Jordan Rose jordan_rose at apple.com
Mon Aug 1 21:59:42 CDT 2016


I happen to agree with Jens, though Dave Abrahams (and Crusty) might disagree with me. The number one consideration for choosing between a value type and a reference type is “do I want value semantics or reference semantics?” If I want to talk about a particular shape, talk about “that one”, I can only do that if there’s some notion of identity. So yes, if that’s part of my app, I would start with reference types.

Now, that doesn’t have to apply to rendering. As shown in the presentation, if you’re generating the shapes, there’s no need to refer to a particular shape afterwards…especially if the shapes are immutable. Any individual shape is just data to be rendered. But if I want a command like “change the color of that square”, then I need a way to know what “that square” refers to, and an object with persistent identity—a class instance—is one way to do it.

You can get a notion of “identity” in ways other than reference semantics—say, by generating unique IDs that go with a particular shape, and then looking them up later. But it’s a perfectly fine choice to make your model use reference semantics.

All of that said, reference semantics do have traps: mutation makes things harder to test in isolation, and mutation with shared state makes things not thread-safe. So you have to decide what trade-off you want to make in your app.

Jordan


> On Aug 1, 2016, at 19:18, Jack Lawrence via swift-users <swift-users at swift.org> wrote:
> 
> Jens: Why? There are significant benefits to value semantics for this type of problem, for the reasons laid out in the WWDC videos.
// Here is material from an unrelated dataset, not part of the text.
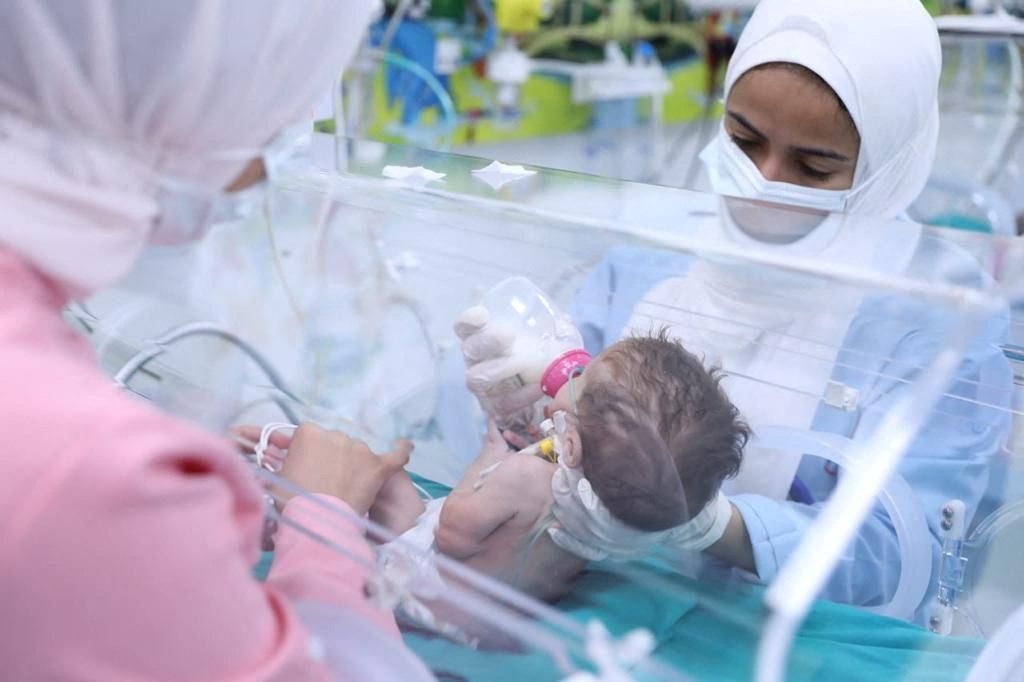 Una infermera atén una dels nounats evacuats des de la Franja de Gaza a Egipte Una infermera atén una dels nounats evacuats des de la Franja de Gaza a Egipte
It would be helpful to know why you disagree in this case—maybe there are solutions to the issues you’re thinking of.
> 
> Rick: I’d think that value semantics would be the right choice here. When you do a mutation, you would copy the state of the entire diagram. It should be efficient via COW, but if not you can implement you own more fine-grained COW types with isUniquelyReferenced(). This would allow you to easily support things like undo.
> 
> Jack
>> On Aug 1, 2016, at 4:32 PM, Jens Alfke via swift-users <swift-users at swift.org <mailto:swift-users at swift.org>> wrote:
>> 
>> 
>>> On Aug 1, 2016, at 1:19 AM, Rick Mann via swift-users <swift-users at swift.org <mailto:swift-users at swift.org>> wrote:
>>> 
>>> It seems like reference semantics are more appropriate here.
>> 
>> Yes, they are. (Just because structs exist doesn’t mean you have to use them everywhere.)